Anatomy of an Asset Purchase Agreement - Part 1 of 3

About Asset Purchase Agreements

Asset Purchase Agreements are often long, complicated, and hard to understand. If you learn their common structure, it can be easier to make sense of the parts. This is part one of a three part series about Asset Purchase Agreements (“APA”).

An APA is used to purchase the assets of a business. It might be used to buy part of a business, or to buy an entire business or division.

Outline of APAs

Well-organized APAs tend to follow a common structure, often with the following sections:

  1. Introduction & Background

  2. Definitions

  3. Purchased Assets & Purchase Price

  4. Closing

  5. Seller Representations & Warranties

  6. Buyer Representations & Warranties

  7. Covenants

  8. Conditions to Closing

  9. Indemnification

  10. Termination

  11. Miscellaneous

  12. Exhibits

Each section is briefly discussed below and in the articles that will follow.

Introduction & Background

The introduction to an APA identifies the buyer, the seller, and any other parties. The other parties might include the seller’s owners, the guarantors, or other companies that are related to the buyer or seller.

The background section (sometimes called “recitals”) provides context about the agreement. Sometimes this is as simple as a statement that the seller wants to sell the assets to the buyer. If the APA is part of a larger transaction, the background section will be more detailed.

Definitions

Many APAs begin with a definitions section. This section assigns specific meanings to particular words used in the APA to avoid ambiguity.

Definitions serve as a shorthand for words or phrases that are used multiple times in the APA. Listing the definitions in one place prevents an agreement from getting repetitive and cluttered. It also makes it easier to use the defined terms consistently.

For example, an APA might contain this definition of a “Lien”:

Lien” means any lien, encumbrance, pledge, or restriction.

This way, whenever the APA mentions a lien, it could use the capitalized term “Lien” rather than repeating the longer string of words. Defined terms are usually capitalized throughout the APA, in order to signal that they have a specific definition.

Purchased Assets & Purchase Price

This section is one of the most important ones in the APA. It identifies:

  • the assets that are included and excluded from the sale

  • the liabilities that the buyer is becoming responsible for

  • the liabilities that the seller remains responsible for

  • the purchase price

  • the payment method and timing

  • the purchase price adjustment mechanisms

Closing

This section describes the closing date, time, and location. When the sale is completed, it is called the “closing”. Sometimes a closing occurs at the same time the APA is signed. Other times, the APA signing and the closing are not simultaneous, and the APA is signed first.

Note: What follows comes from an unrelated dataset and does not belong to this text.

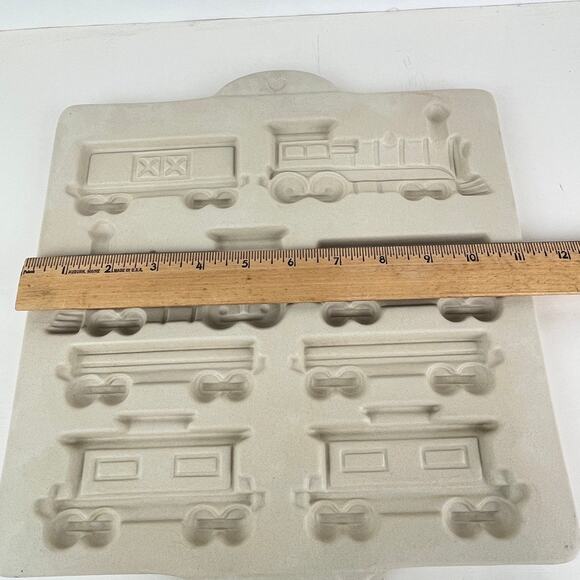 Pampered Chef Stoneware Mold Family Heritage Home Town Train - Picture 5 of 6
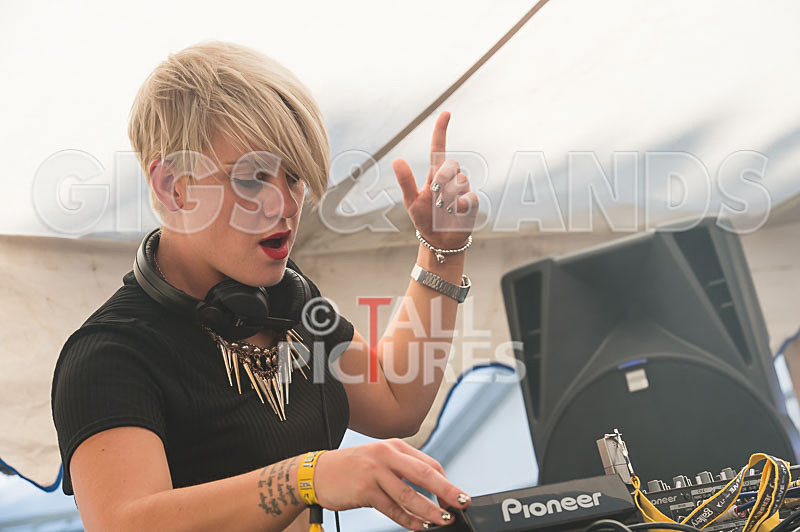 Hannah Jacques-3 - HANNAH JACQUES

This section also describes the procedures for the closing. It’s common to list the documents and agreements that will be exchanged at the closing. Examples include a bill of sale and an assignment agreement. Often, the forms of these “ancillary agreements” will be negotiated in advance and attached to the APA as an exhibit.

Conclusion

The next article will discuss some of the most heavily negotiated sections of APAs:

  • Seller Representations & Warranties

  • Buyer Representations & Warranties

  • Covenants

Asset Purchase Agreements are varied and often complex, but they do share common elements. There is no substitute for legal advice from an experienced acquisitions attorney. That said, you’ll get more out of the legal advice if you have a “big picture” understanding of an Asset Purchase Agreement, which will help you make sense of the parts of it.